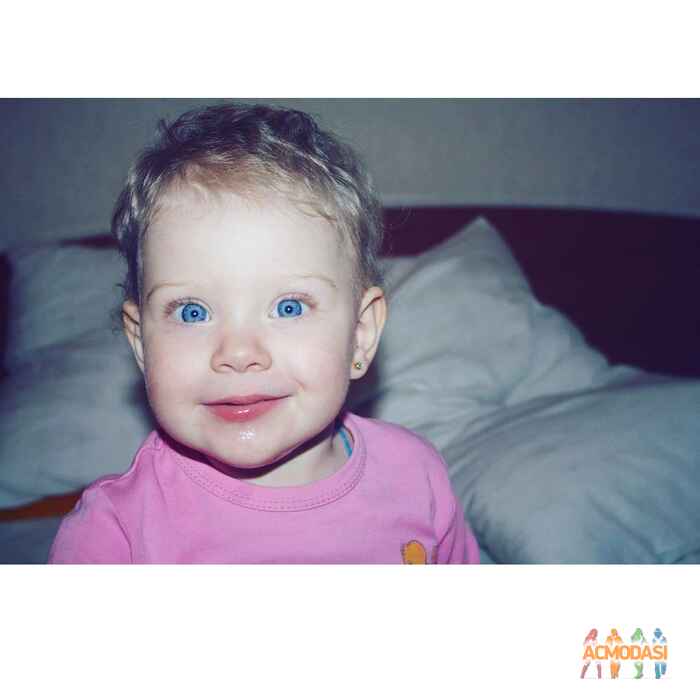 Светлана   фото №1202358. Загружено 14 Июля 2017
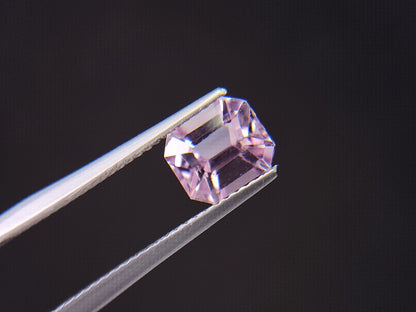 0874-21 クンツァイト 2.96ct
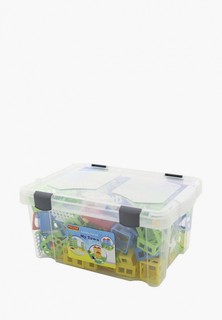 Конструктор Polesie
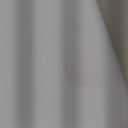 Cervical Neck Pillow, Contour Memory Foam Pillows for Neck Pain Relief, Ergonomic Pillow for Sleeping, Orthopedic Bed Pillow Neck Support Pillow for Side Back Stomach Sleepers with Cooling Pillowcase (Blue&grey)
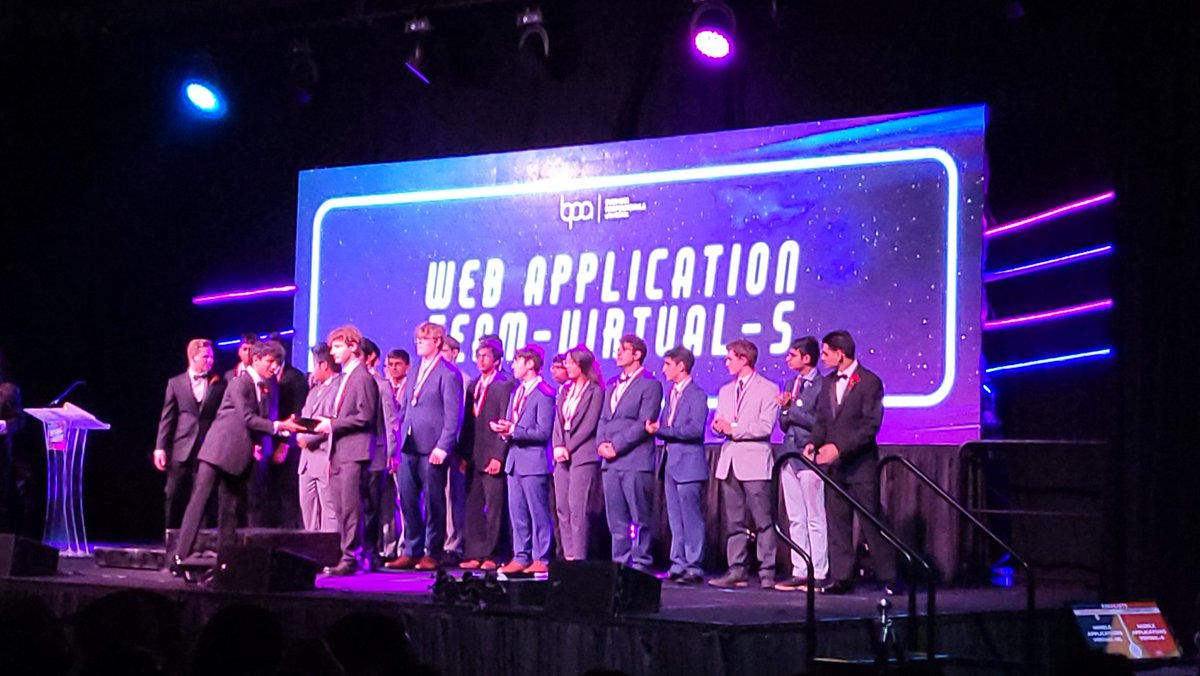 John Word tweet media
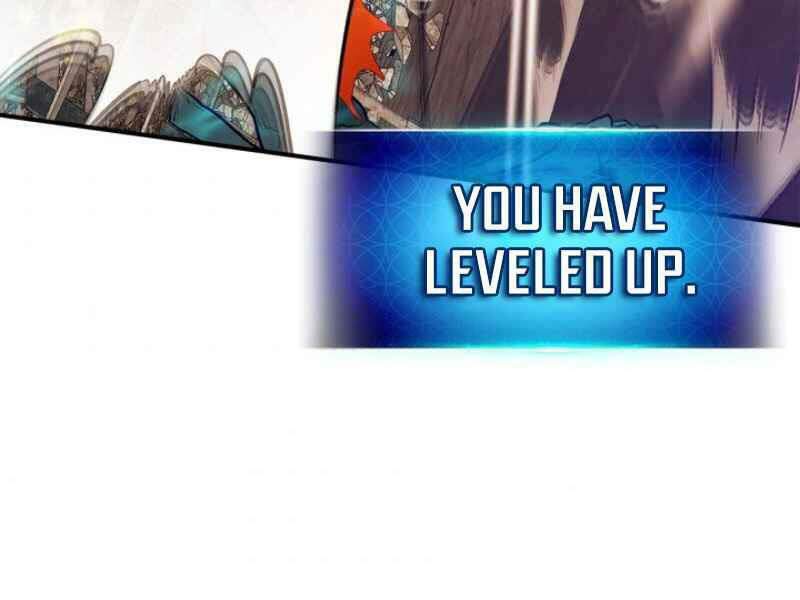 Thăng Cấp Cùng Thần Chapter 13 - Trang 2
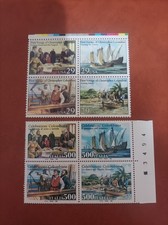 Italia usa 1992 usato  Vaiano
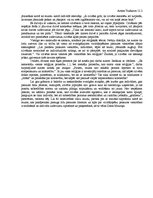 Eseja 'Recenzija. Zenta Mauriņa "Pasaules vienotība un indivīda uzdevumi"', 2.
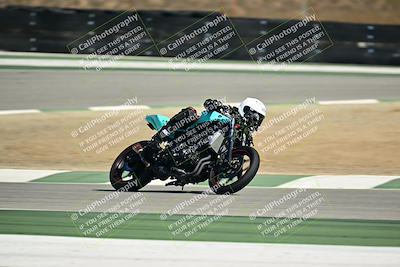 media/Oct-25-2025-2WTD (Sat) [[1e4a1f2fa2]]/B Group/Session 5 (Turn 2)/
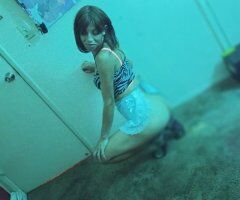 Tucson AZ Hot Encounter — Short-Time Sexual Services - Image 3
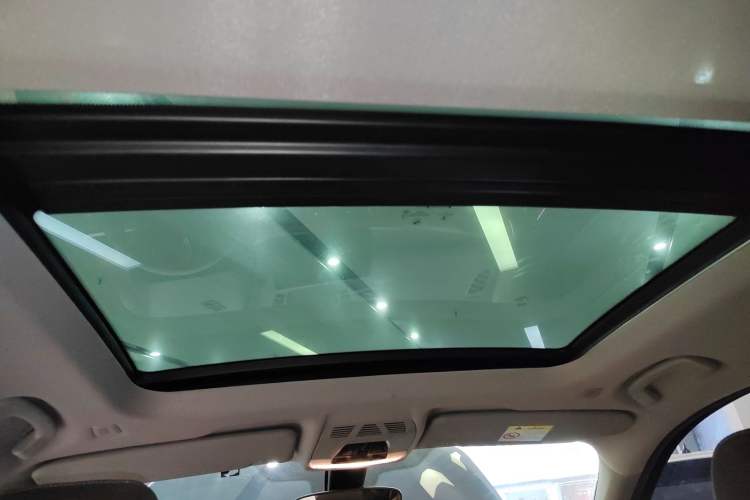 Used BMW X1 2022 sDrive25Li Leading Model
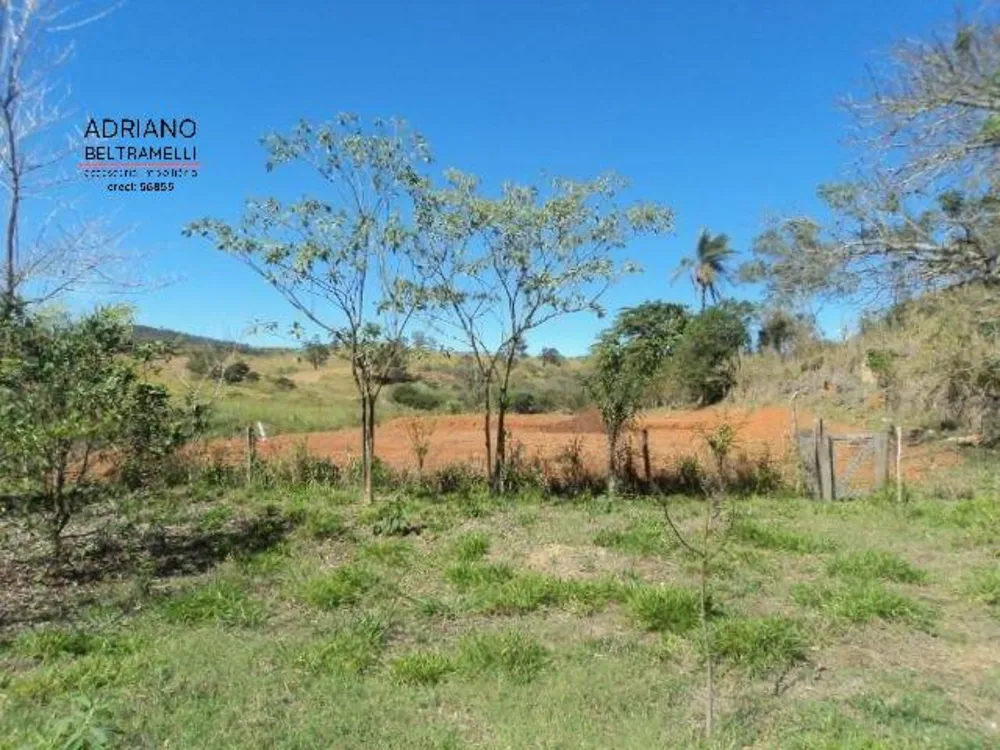 Sítio, 10 quartos, 7 hectares - Foto 10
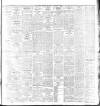 Dublin Daily Express Saturday 16 January 1909 Page 5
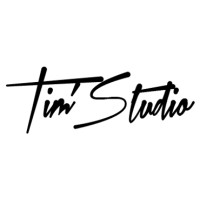 Tim'Studio Photography & Film Making logo - Similar company to Tim Consulting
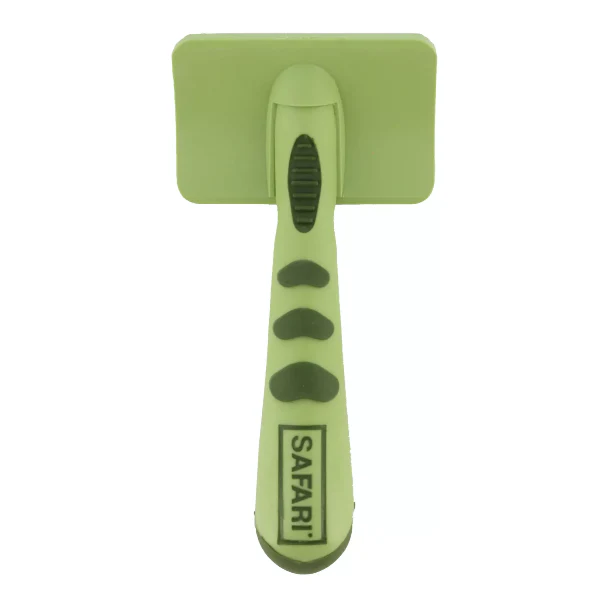 Safari Complete Cat Brush - Image 3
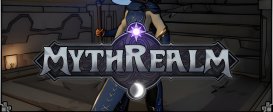 Mythrealm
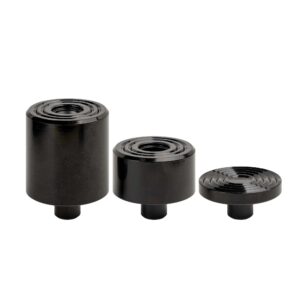 CONJUNTO DE ADAPTADOR ADICIONAL PARA REF. 54516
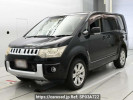 Mitsubishi Delica D5 CV1W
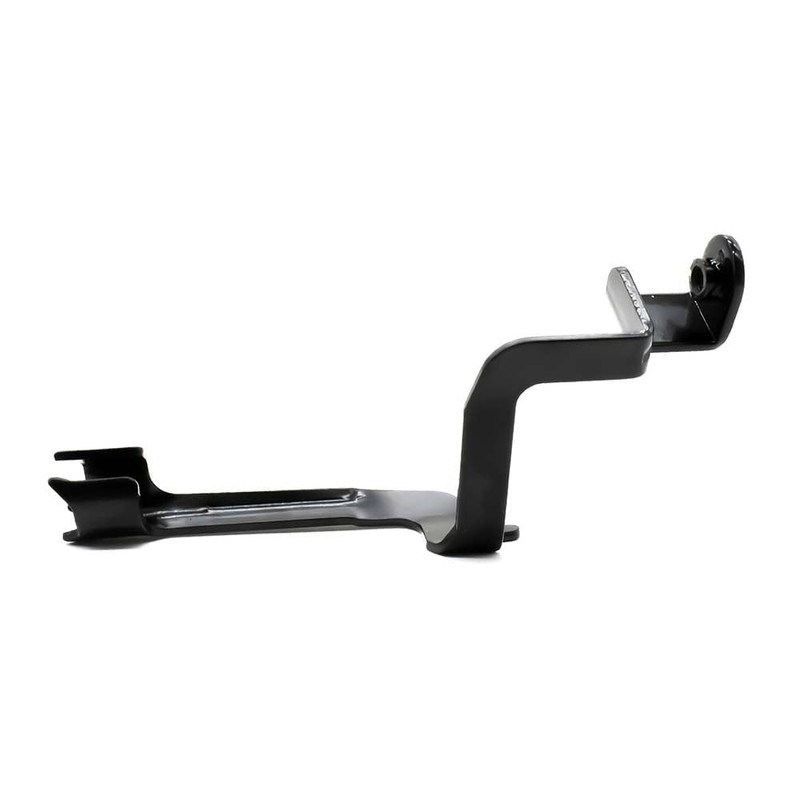 Superior Parts SP 877-391Z Aftermarket Pushing Lever Compatible With Hitachi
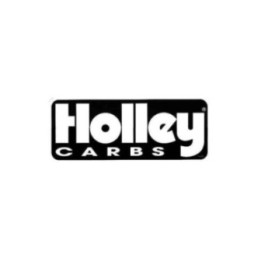 Buy Holley Carbs Vinyl Decal Sticker Online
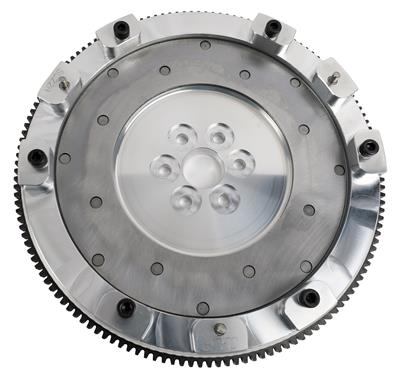 FLYWHEEL BILLET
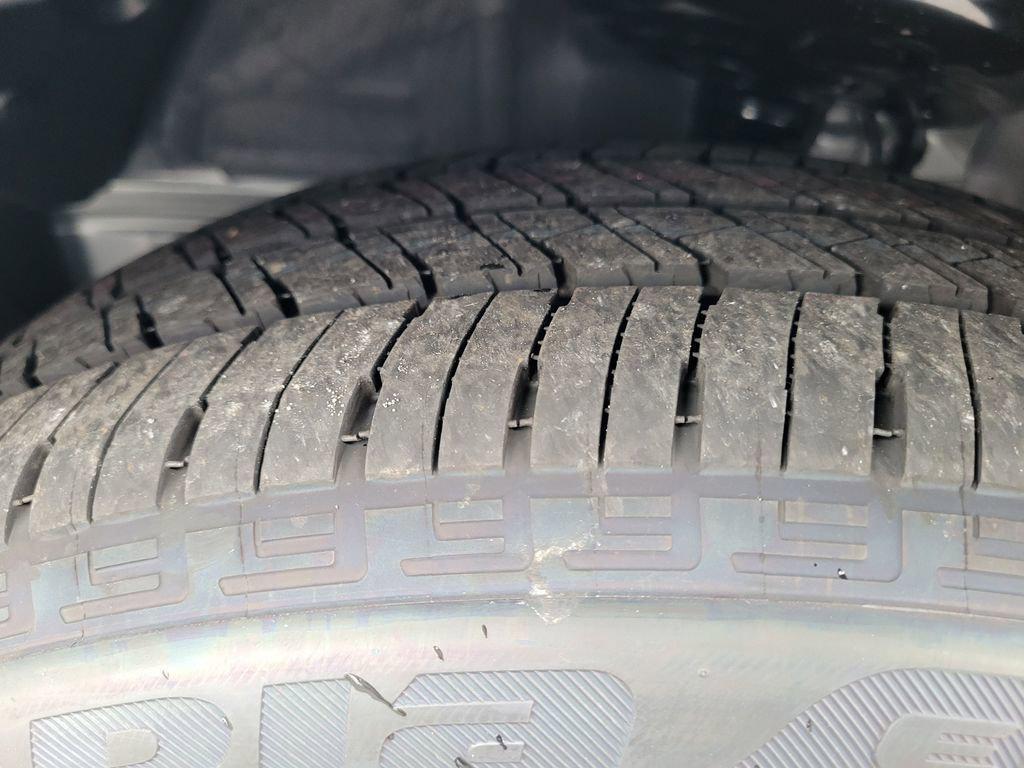 new 2026 Toyota Prius Plug-In Hybrid car, priced at $35,814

- **TASK ITEM**
The entries are to be copied exactly, and each image is to be omitted.

- **RESPONSE AREA**
 Светлана   фото №1202358. Загружено 14 Июля 2017
 0874-21 クンツァイト 2.96ct
 Конструктор Polesie
 Cervical Neck Pillow, Contour Memory Foam Pillows for Neck Pain Relief, Ergonomic Pillow for Sleeping, Orthopedic Bed Pillow Neck Support Pillow for Side Back Stomach Sleepers with Cooling Pillowcase (Blue&grey)
 John Word tweet media
 Thăng Cấp Cùng Thần Chapter 13 - Trang 2
 Italia usa 1992 usato  Vaiano
 Eseja 'Recenzija. Zenta Mauriņa "Pasaules vienotība un indivīda uzdevumi"', 2.
 media/Oct-25-2025-2WTD (Sat) [[1e4a1f2fa2]]/B Group/Session 5 (Turn 2)/
 Tucson AZ Hot Encounter — Short-Time Sexual Services - Image 3
 Used BMW X1 2022 sDrive25Li Leading Model
 Sítio, 10 quartos, 7 hectares - Foto 10
 Dublin Daily Express Saturday 16 January 1909 Page 5
 Tim'Studio Photography & Film Making logo - Similar company to Tim Consulting
 Safari Complete Cat Brush - Image 3
 Mythrealm
 CONJUNTO DE ADAPTADOR ADICIONAL PARA REF. 54516
 Mitsubishi Delica D5 CV1W
 Superior Parts SP 877-391Z Aftermarket Pushing Lever Compatible With Hitachi
 Buy Holley Carbs Vinyl Decal Sticker Online
 FLYWHEEL BILLET
 new 2026 Toyota Prius Plug-In Hybrid car, priced at $35,814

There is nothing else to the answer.